Technique #1: Vibrato
Vibrato is the regular pulsing (shaking) of a pitch. With the exception of classical vibrato (where is goes above and below) it consists of raising the original pitch and returning it to center. Vibrato can be done with the fingers or the wrist, the wrist being a more stable, preferred method in my opinion.
Technique #2: Bending
Bending is kick arse! Seriously though, SUPER expressive technique to have under the belt, and one of the hardest to get used to–that’s why we’re starting early! Like vibrato, bends can be done with the fingers or the wrist, the wrist being preferred for it’s control. Keep your thumb over the neck with a closed grip (think Hendrix’ style) and pivot your vibrato from that grip between the thumb and base of the first finger. Support the weight of the bend by using several fingers if at all possible. Study this video closely. Always know where the bend is going–what pitch are you bending to? Start with a half-step (single fret) bend, then move to a whole step.
Technique #3: Slides
What’s a slide? I dunno. HA! Just kidding! A slide is a technique that’s used to articulate a note. A good example would be moving between two different notes on the same string by picking the first note and sliding to the second without picking it. Slides can be done either by pivoting or position-shifting. Yeah, just watch the video and you’ll see what I mean.
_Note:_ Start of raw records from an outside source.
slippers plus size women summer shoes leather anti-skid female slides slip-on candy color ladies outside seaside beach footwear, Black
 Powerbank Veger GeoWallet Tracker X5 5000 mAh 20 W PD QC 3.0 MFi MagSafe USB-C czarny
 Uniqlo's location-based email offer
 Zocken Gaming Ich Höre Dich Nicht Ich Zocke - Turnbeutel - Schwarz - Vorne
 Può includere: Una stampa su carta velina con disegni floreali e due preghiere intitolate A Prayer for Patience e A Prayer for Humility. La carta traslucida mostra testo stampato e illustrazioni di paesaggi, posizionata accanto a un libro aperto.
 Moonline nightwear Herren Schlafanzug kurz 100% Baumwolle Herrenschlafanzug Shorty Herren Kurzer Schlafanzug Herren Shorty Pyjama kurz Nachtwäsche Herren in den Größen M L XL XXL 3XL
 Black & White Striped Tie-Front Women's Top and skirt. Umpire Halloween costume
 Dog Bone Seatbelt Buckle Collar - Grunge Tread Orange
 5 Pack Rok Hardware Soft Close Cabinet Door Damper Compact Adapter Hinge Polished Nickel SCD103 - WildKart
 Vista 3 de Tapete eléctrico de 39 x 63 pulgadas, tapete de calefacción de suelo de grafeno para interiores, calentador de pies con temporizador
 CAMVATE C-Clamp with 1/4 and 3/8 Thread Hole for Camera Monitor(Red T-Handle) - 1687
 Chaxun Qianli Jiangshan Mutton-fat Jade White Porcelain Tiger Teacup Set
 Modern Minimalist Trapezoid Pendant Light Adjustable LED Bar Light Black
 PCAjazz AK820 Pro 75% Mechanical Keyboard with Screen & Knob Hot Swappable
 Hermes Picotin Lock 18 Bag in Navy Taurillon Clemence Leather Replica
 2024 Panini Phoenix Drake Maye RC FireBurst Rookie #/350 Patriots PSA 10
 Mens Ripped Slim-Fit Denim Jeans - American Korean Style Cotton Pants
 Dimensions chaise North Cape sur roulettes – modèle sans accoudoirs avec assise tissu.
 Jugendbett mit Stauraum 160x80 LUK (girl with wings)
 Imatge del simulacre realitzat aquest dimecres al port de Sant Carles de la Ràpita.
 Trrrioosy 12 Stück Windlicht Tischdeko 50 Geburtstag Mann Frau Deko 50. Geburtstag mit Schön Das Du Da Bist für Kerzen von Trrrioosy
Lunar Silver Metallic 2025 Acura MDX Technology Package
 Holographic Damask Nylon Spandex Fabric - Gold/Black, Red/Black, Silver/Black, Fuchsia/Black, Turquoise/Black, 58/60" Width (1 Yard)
Technique #4: Hammer-ons/Pull-offs
Hammer-ons and pull-offs are very handy, expressive techniques for guitarists, and some of the easier techniques to get down. The idea is similar to a slide: you’re playing two notes, picking the first and either hammering-on or pulling-off into the second without picking it.
A basic hammer-on is preformed by picking the first note and “hammering” into a note on a higher fret on the same string. Hammer-ons can also be done without a note prior, hammering directly into the desired fret.
A pull off is done by “pulling-off” a fretted note to a note at a fret underneath it. The second note has to be fretted beforehand of course so this technique requires two fretting fingers to perform.